I thank God every day for my friends. I thank him for many other things as well, but I have a few friends who have been on my mind a lot lately.
I have a very dear friend who wants to lose weight and has asked me to walk with her. After a few months of talking about it, we have yet to go. I rarely exercise, but I concede that it would be good for me to start. Although our goals for walking are different, the outcome could be the same. We could both get into better shape.
Spiritual walks are the same way. Some people talk about getting closer to God, but never actually go to the park and start walking down any path. I read a devotional in The Upper Room this week that reminded me of walking. When you walk in the winter, you sometimes bundle up before you go outside, but as you make progress you begin to shed layers as your body adjusts to the activity.
Sometimes, we hide ourselves under layers of insecurity. We refuse to let others truly know us for fear that they will see our flaws. We build our own barriers to growth.

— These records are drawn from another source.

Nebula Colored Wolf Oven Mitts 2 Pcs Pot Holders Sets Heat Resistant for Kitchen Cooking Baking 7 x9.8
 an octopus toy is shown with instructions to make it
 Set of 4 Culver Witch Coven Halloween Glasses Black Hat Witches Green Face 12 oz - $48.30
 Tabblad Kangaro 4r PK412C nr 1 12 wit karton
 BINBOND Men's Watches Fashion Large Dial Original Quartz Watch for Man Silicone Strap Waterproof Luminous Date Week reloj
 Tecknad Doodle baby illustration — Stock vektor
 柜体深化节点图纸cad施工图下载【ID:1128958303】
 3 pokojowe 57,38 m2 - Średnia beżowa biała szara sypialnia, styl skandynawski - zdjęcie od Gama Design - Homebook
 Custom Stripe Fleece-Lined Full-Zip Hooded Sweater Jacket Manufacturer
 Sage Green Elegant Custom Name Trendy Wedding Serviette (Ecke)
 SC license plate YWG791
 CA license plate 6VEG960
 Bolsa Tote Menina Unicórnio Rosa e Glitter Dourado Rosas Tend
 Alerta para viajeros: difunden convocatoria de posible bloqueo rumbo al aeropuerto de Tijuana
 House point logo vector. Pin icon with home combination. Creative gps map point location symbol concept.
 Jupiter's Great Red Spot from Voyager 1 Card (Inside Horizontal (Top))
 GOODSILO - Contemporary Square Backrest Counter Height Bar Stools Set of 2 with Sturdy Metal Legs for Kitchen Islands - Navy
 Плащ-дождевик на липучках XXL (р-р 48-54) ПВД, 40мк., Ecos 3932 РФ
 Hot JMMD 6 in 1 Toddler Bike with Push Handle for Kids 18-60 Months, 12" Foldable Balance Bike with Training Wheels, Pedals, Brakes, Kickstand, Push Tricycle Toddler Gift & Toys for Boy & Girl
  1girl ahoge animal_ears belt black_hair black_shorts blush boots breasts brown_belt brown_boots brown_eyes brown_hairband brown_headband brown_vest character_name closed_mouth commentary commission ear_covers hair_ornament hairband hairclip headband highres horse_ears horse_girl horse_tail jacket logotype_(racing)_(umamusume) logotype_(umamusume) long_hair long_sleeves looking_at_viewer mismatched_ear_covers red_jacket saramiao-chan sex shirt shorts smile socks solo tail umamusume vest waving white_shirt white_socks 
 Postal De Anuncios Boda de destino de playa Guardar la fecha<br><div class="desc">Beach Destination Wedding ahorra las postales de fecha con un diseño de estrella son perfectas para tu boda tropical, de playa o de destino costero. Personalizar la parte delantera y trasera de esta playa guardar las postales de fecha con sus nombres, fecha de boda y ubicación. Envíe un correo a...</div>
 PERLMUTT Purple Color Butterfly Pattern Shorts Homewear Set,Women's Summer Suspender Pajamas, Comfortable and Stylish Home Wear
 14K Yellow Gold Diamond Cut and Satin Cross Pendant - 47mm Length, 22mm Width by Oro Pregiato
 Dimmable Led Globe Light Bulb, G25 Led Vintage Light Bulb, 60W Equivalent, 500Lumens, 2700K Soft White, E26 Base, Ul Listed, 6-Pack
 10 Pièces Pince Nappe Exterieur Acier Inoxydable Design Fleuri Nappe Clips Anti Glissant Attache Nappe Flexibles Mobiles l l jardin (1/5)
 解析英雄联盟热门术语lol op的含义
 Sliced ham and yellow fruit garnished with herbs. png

We have to peel off the layers.
People struggle with many things in life: finances, divorce, adultery, drugs, alcohol, abuse, anger, overeating, codependence, illness, and on and on. There is no person who has not sinned or struggled. It is important to find someone who will listen.
For whatever reason, God gave me a gift of comforting. I used to think it was a curse. Strangers have approached me in the past and shared their troubles. WHY? I questioned why God wanted me to hear them and why I was supposed to carry that burden for others.
Finally, I realized that I am not required to carry that burden for them. This is hard for any codependent to understand (and I think all men are somewhat codependent), but my duty to them is to listen. In Celebrate Recovery, where I lead a men’s small group, we learn that speaking what you are holding secret makes all the difference.
As I looked out the window this morning at the gloomy, wet, 20-something degree weather, I laughed that today would not be the day that my friend starts walking to lose weight, or that I start walking to get in shape. Then, I was reminded of the layers of insecurity my friend has shed in our conversations, and it occurred to me that she is already walking.
Although I use one friend as an example, it is really symbolic of the struggles in all of our lives. I have friends who struggle with many of the same issues I mention above and I meet people every week who just need to talk to someone. Usually, they already have the answers but it does them good to share. I pray for them and I hope they pray for me and my concerns as well.
Sometimes, people resist walking because they fear they will stumble. God doesn’t want you to stagnate in your life. He has offered you forgiveness, and you have to accept it. You have to forgive yourself also. This is the hardest thing to do, but guilt, anger, resentment, and repressed emotions cause you harm. If you are angry at someone, does your anger hurt them or you? If you forgive them, does your forgiveness help them or you? The answer to both questions is YOU.
If you think about it, the only time forgiveness helps the person being forgiven is when the forgiveness comes from God. He’s already provided his Grace. When we forgive others, and ourselves, we follow his example and we allow ourselves to accept the Grace in our lives.